Thank you very much for your reply Jonathan,
I find your article very interesting and inspiring. I am not a proficient Wolfram user, unfortunately. However, I study finance now, and I would really like to learn how you did this sentiment analysis.

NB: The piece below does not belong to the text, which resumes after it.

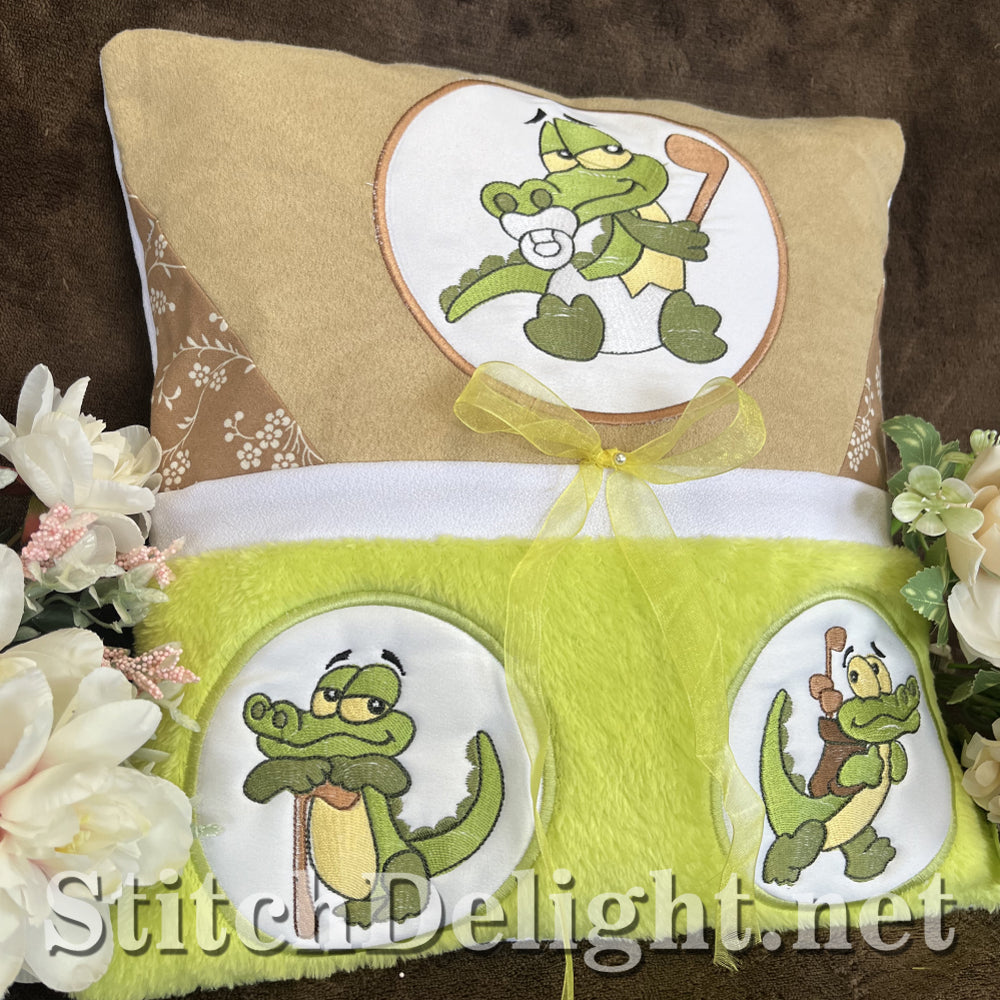 SDS4314 Golf Crocodile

With the help of Rohit, I went through the first part of code, and now I have some troubles with the WSJSentimentIndicator:
WSJSentimentIndicator[date_] :=
Module[{d = date, archive, archivewords, WSJSI},
archive =
Import[StringJoin["http://www.wsj.com/public/page/archive-",
DateString[d, {"Year", "-", "MonthShort", "-", "DayShort"}],
".html"]];
archive =
StringDrop[archive,
StringPosition[archive,
DateString[d, {"MonthName", " ", "DayShort", ", ", "Year"}]][[1,
2]]];
archive =
StringTake[
archive, -1 + StringPosition[archive, "ARCHIVE FILTER"][[1, 1]]];
archivewords = ToLowerCase[DeleteStopwords[TextWords[archive]]];
WSJSI = #Positive/(#Negative + #Positive) &@
Counts[Classify["Sentiment", archivewords]] // N;
{WSJSI, archivewords, archive}]
So, if we update the code, it should look like this:
WSJSentimentIndicator[date_ ] :=
Module[{d = date, archive, archivewords, WSJSI},
archive =
Import[StringJoin["https://www.wsj.com/news/archive/",
DateString[d, {"Year", "Month", "Day"}]]];
archive =
StringDrop[archive,
StringPosition[archive,
DateString[
d, {"MonthNameShort", " ", "DayShort", " ",
"Year"}]][[1, 2]]];
archive =
StringTake[
archive, -1 +
StringPosition[archive, "Most Popular Articles"][[1, 1]]];
archivewords = ToLowerCase[DeleteStopwords[TextWords[archive]]];
WSJSI = #Positive /(#Negative + #Positive) &@
Counts[Classify["Sentiment", archivewords]] // N;
{WSJSI, archivewords, archive}]
However, the code which returns us the histogram does not work for me:
WSJSI = Flatten[First@WSJSentimentIndicator[#]&/@datelist]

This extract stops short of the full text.